I received a call that Paul was returning to Salt Lake City to check our progress. We scraped the candy and glue off the dining room floor and invited Chad and Paul to stay for breakfast. 
Over beehive bread and Newell’s favorite breakfast casserole, I asked if Macy’s could carry a few more “modest” clothes for girls and young women. Chad told us of their policy of allowing stores to select up to 20% of their merchandise – (Note to Moms: Tell the store managers what you would like to see in the stores) and that they are selling skirts and will be carrying lines of clothing suitable for sister missionaries. I also inquired whether Macy’s might display art from local artists and students. Paul said they already do in New York and that Chad could accept art at the City Creek store. Chad quickly had ideas for suitable exhibit areas and would start to take proposals soon. We wished them well as we all headed out to work and school.

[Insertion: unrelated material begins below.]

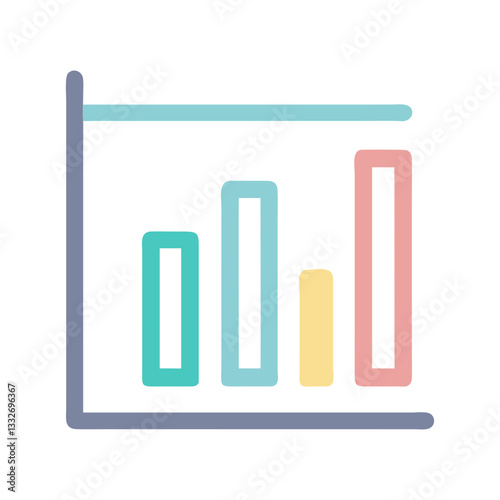 bar chart icon, bar chart flat illustration - simple vector illustration of bar chart , perfect for icons and logos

Macy’s came and moved the ball back to the store where we would complete the project with additional volunteers.We were so lucky to meet the most amazing artists and their helpers; Abigail and Jeff, Jacob and his family and friends. I loved getting to know them and cheering each others’ progress as we worked the many long hours required to complete our projects. 

Jacob’s design  
We left just before the deadline to drive to St. George to wish my dad, Larry Layton, a happy 80th birthday and give Tim a chance to say goodbye before he leaves for two years.

Then with the clock ticking away, we jumped back in to meet the deadline. Kevin and Gary, the visual managers from University and Cottonwood Macy’s; Wendy, the manager at City Creek, Matt, Nicole and the others were so gracious, helpful and wonderful, I felt like an art princess.The windows were painted, our names were added, the backdrops were set up and local television stations and newspapers began to cover the events. It may have been the fumes, but Tim and I agreed that the whole thing had been “surreal.”

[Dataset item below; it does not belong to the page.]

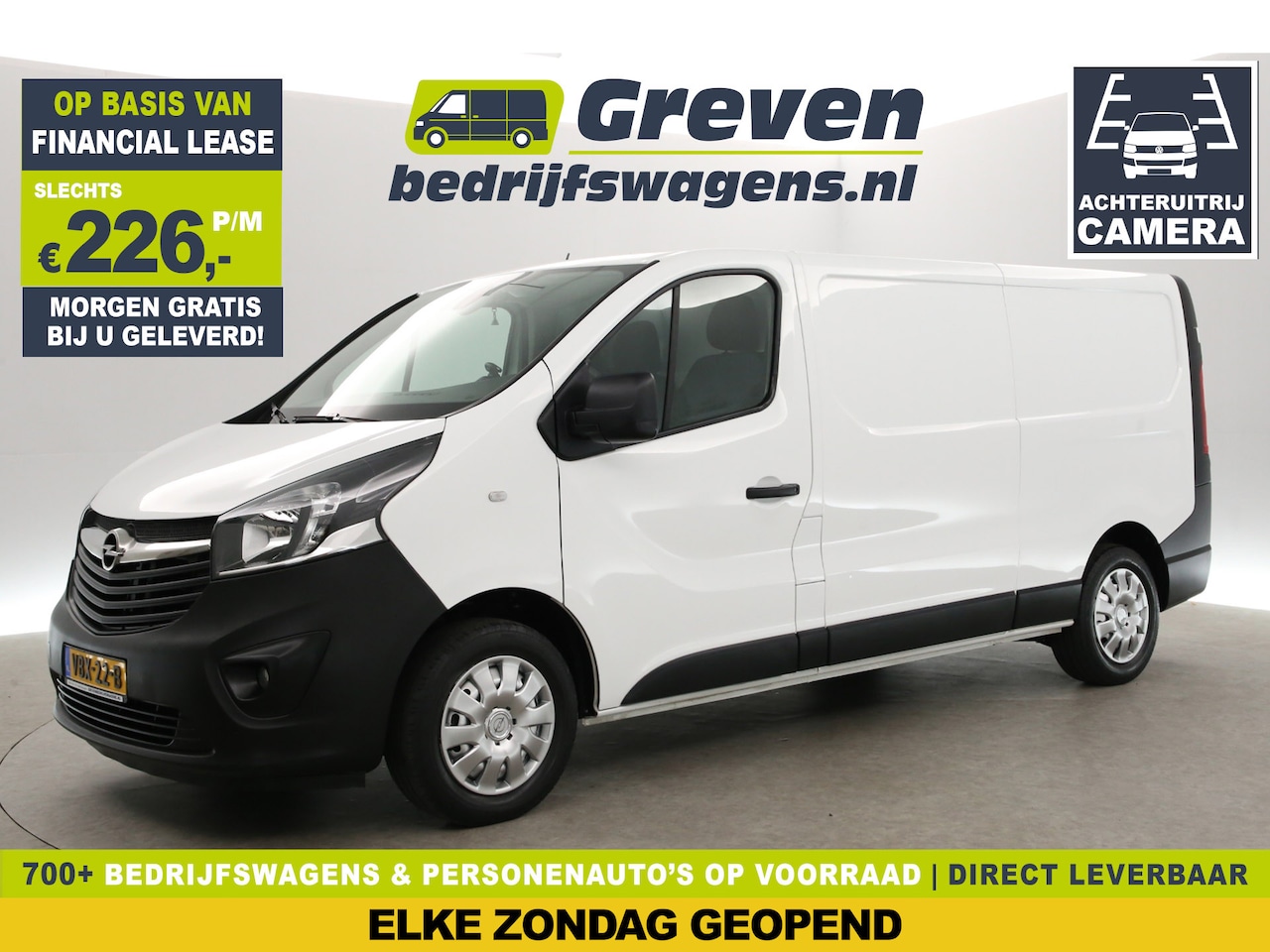 Opel Vivaro - 1.6 CDTI L2H1 | Airco | Cruise | 3-Zits | Trekh. | Camera | Navi | Parkeersens. - AutoWereld.nl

The special night arrived. Thursday, November 21st at 6 p.m., amid throngs of excited children and candy art connoisseurs, we unveiled the windows 

Artists enjoy the thrill of connecting with their audience, to see the joy in their eyes. Tim commented on how much he enjoyed all the positive energy. He was a candy rock star. (Rock candy star?) There’s something magical about having your art displayed for others to enjoy.

So as Tim finishes his preparations to leave for the Mission Training Center on December 18th and Birmingham, Alabama; I hope he’ll carry with him the memory of our big adventure and the unusual way the McMurtrys wished our grandchildren,the children, families and guests of Salt Lake City 

A Very Merry Christmas!

Special Thanks:
Newell for putting up with all of this and gluing itty bitty little things to a large sphere. And not being a Grinch and having a good Christmas spirit.

Tim, Nicki, Brianne, Cappy, Jordan and Morgan for your help. 
We would not have finished this successfully without you; big hugs!

For allowing me to participate in your holiday window project and  
giving me a job last Christmas so I could visit my soldier son on the other side of the country. Three deployments in six years=not many Christmases together.

Heavenly Father
For Jesus, Christmas and everything. 

  Here’s what the newspapers and television had to say: 

I received a call from Macy’s West Coast office in San Francisco inviting me to be interviewed for a local news story:





The symbolism of the design for those seeking deeper meaning: 

 The winking Santa is the predominant subject. He is based on 1950’s graphic art images of Santa. Dressed in traditional red garb, he holds a garland of blocks that spell MERRY – a reference to my best friend Mary Cowan. On his shoulders is a bag of toys which each have a meaning:

1. Raggedy Ann – my favorite doll from childhood. I loved the stories and my grandmother Mimee used her printed heart to teach me to spell I Love You. I made Raggedy Anns for my two girls and granddaughters. 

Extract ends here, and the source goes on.